The foundation for the current boom in ESG investments was laid in the 2010s, after the 2008 financial crisis forced a reckoning on trust in capital markets. Financial crisis investors and companies soon sharpened their focus on restoring faith in the system, with the early 2010’s dominated by the rollout of new governance laws and best practice codes for companies and investors.

Later, the 2015 Paris Agreement triggered a clear connection between financial systems and climate change. According to the Agreement, “finance flows have to be made consistent with a pathway towards low greenhouse gas emissions…”. Quickly this idea spread beyond climate change - opening a wider discussion around aligning global financial flows with sustainable economic development.

While the “G” and the “E” gained significant momentum in this context, the “S” only truly surfaced as business critical during COVID. The pandemic crisis has created awareness of the vital importance of human capital, diversity, and workers’ rights for business growth coupled with a sustainable future.

Good Governance as the Essential Base for a Sustainable Business

No matter which aspect of ESG public debate focuses on in the current moment – companies must understand and view ESG as a triad. A good corporate governance system is a prerequisite to meet investors’ demands on environmental and social issues. It not only ensures transparency and accountability; it also creates business resilience. More fundamentally, good governance provides business leadership with license to operate to shape long-term corporate success. Institutional investors increasingly expect companies to link all three ESG components to its business model and embed them into their corporate strategy.
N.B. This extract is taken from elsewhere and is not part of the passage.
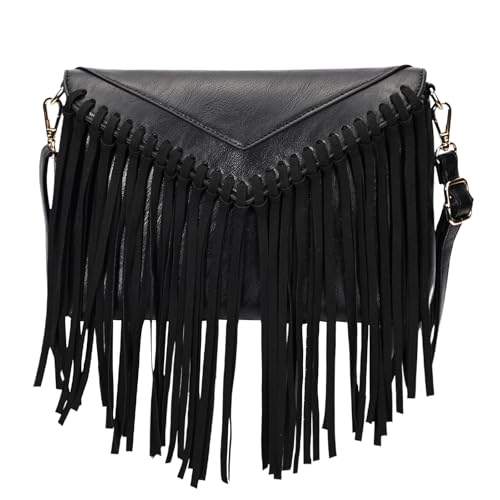 KouLi Buir Quaste Crossbody Geldbörse für Frauen PU Leder Western Hobo Fransen Handtasche Schultertasche, Schwarz von KouLi Buir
ESG Becomes the New Norm for Companies and Investors

The next phase of good governance in the years ahead will be a holistic approach towards a sustainable corporate governance - where the “E”, “S”, and “G” merge. This will result in the need to implement ESG expertise at board level, as large asset managers and institutional investors increasingly expect to regularly engage with board members on ESG issues. The annual CEO letters from BlackRock and State Street clearly show this new direction.

The direction is clear: ESG integration will become the standard practice for asset managers and institutional investors. But so far there has been limited guidance on how their investment approach will change and the sort of interim targets that might be adopted. In addition to existing frameworks, ratings, and benchmarks, the industry is working on common standards. According to a Blackrock study from last autumn, poor quality or availability of ESG data and analytics is the main obstacle for investors to invest even more sustainably.

The EU taxonomy will be the most relevant standard for defining what environmentally sustainable economic activities are. While these rules apply directly within the EU, the detailed sectoral guidance they provide are likely to be used globally in coming years. This increased focus on companies’ ESG record means sustainability topics must be integrated into CEO and corporate communications.

In addition, the pressure on companies in terms of climate targets will likely increase post-COP26 in November, the most important sustainability event since 2015. Companies should anticipate a tightening of existing climate targets and a new scope of action for companies. ESG practices will be more and more integrated in all economic sectors. Companies that ignore to act on

ESG will most likely face greater risks, whereas ESG leaders will take advantage of new opportunities. The ship has not completely sailed yet. There are still various opportunities for companies and investors to engage and shape the discourse and standards, but one thing is clear: There will be a competitive advantage for those who embrace ESG holistically.